Namun, orang buta yang sebenarnya adalah sang kakek.
Pemerintahan revolusioner itu runtuh dalam waktu kurang dari satu dekade. Ideologi mereka terlalu lemah, dan kepentingan pribadi dengan mudah menyusup ke dalam celah-celah sistem.
Buktinya, bahkan para pengikut pemberontak yang paling setia pun rela membuang ideologi mereka setelah tiga atau empat hari disiksa di ruang interogasi.
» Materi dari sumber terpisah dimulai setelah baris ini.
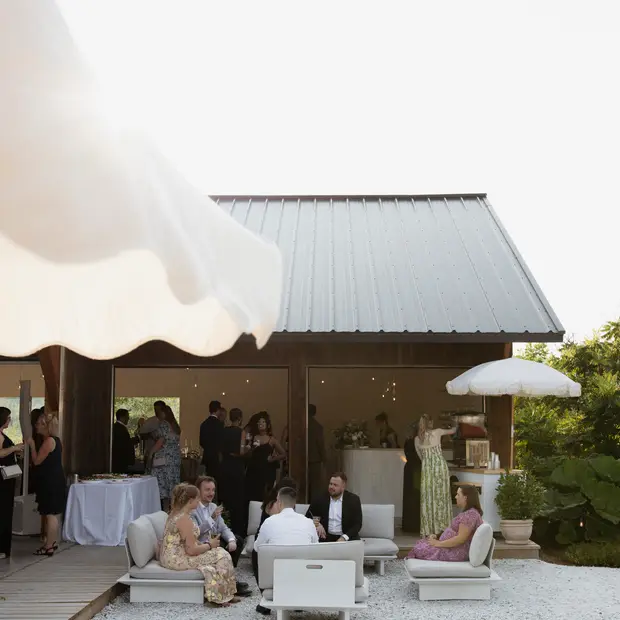 SHANELLE+JASONWEDDINGSNEAKPEEKS-052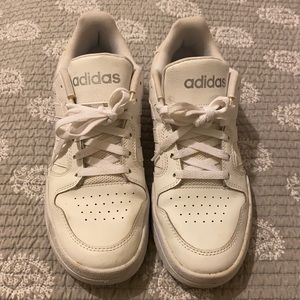 Womens Adidas Shoes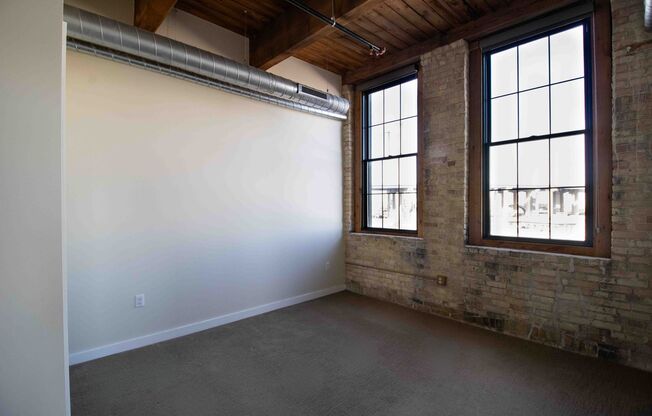 2 beds, 2 baths, 1,310 sqft, $3,500, Unit 507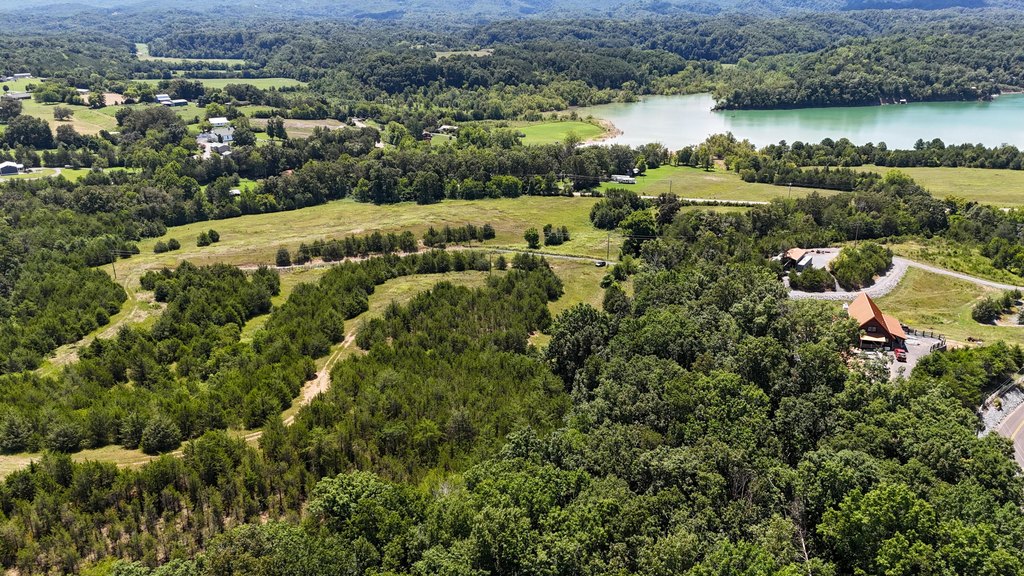 Dandridge, Tennessee, 37725, United States, ,Land,Forsale,1962201 Dandridge, Tennessee, 37725, United States, ,Land,Forsale,1962201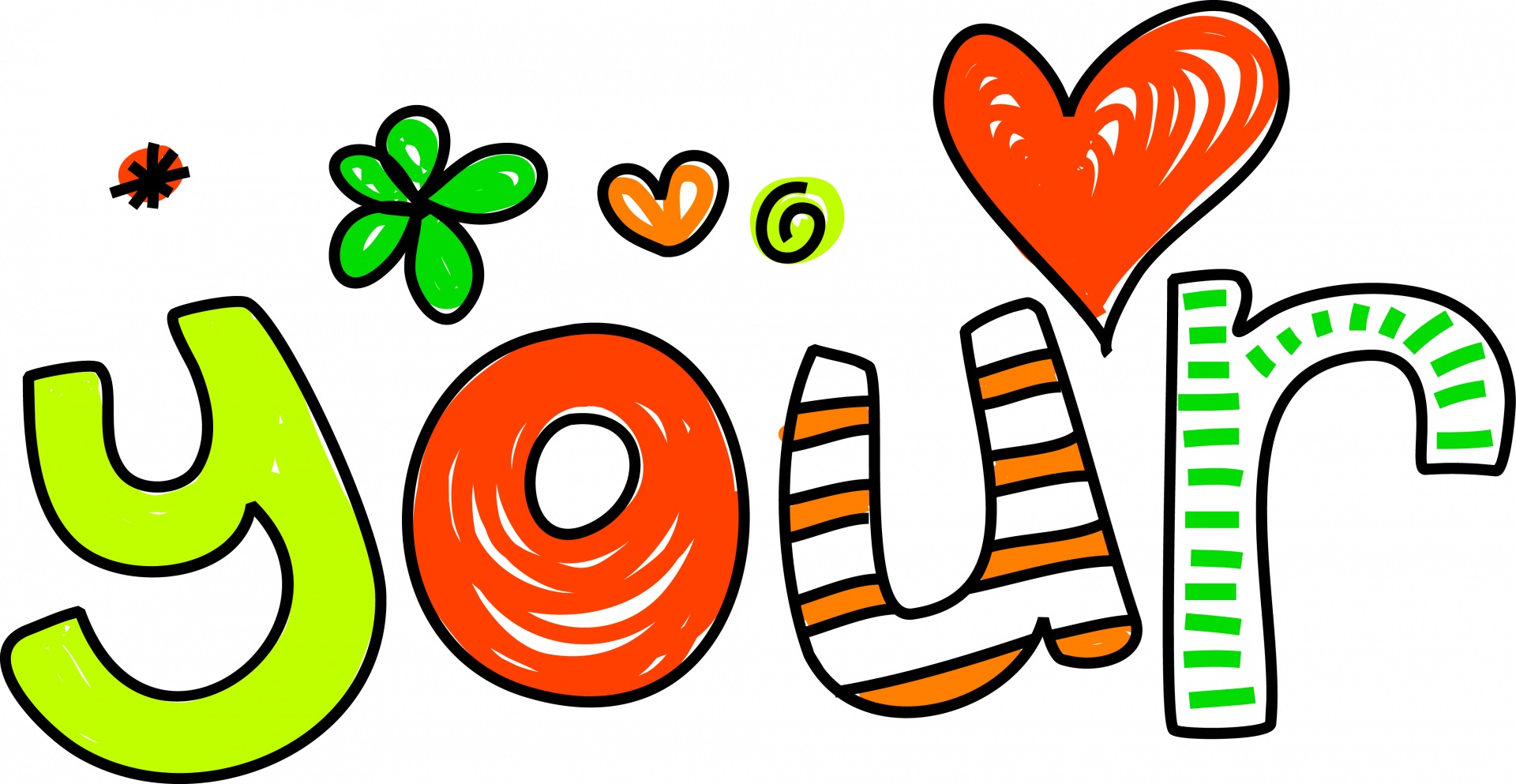 1920x993 Collection Of Rocky Road Cliparts Buy Any Image And Use It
Ketika mereka dicambuk dan kuku-kuku mereka dicabut satu per satu, idealisme tak lagi bisa menyelamatkan mereka.
Keluarga kerajaan dan para royalis tentu tak ingin melewatkan kesempatan ini. Monarki dipulihkan dalam sekejap, dan Republik Lippon kembali menjadi Kerajaan Lippon.
Begitu keluarga kerajaan kembali, hal pertama yang mereka lakukan tentu saja adalah menghukum para pengkhianat.
Untungnya, ayahnya memberikan kontribusi besar dalam pemulihan monarki. Keluarga Winston hanya kehilangan gelar Count mereka. Mereka masih mampu mempertahankan kedudukan serta kekayaan mereka sebagai tuan tanah berpengaruh di wilayah Camden.
Keluarga kerajaan pernah berjanji kepada ayahnya, yang saat itu masih muda. Mereka mengatakan bahwa gelar Count akan dikembalikan jika ia berhasil menumpas sisa-sisa pemberontak. Konon, ayahnya yang awalnya merupakan anjing setia kerajaan justru menjadi semakin loyal setelah itu.
Dan, di sekitar waktu itu, seorang Count yang hanya punya gelar tetapi tak memiliki kekayaan menyerahkan putrinya untuk menjadi Nyonya Winston, menganggapnya sebagai investasi untuk masa depan.
'…Semua orang begitu bodoh.'
Karena janji itu hingga kini belum juga ditepati.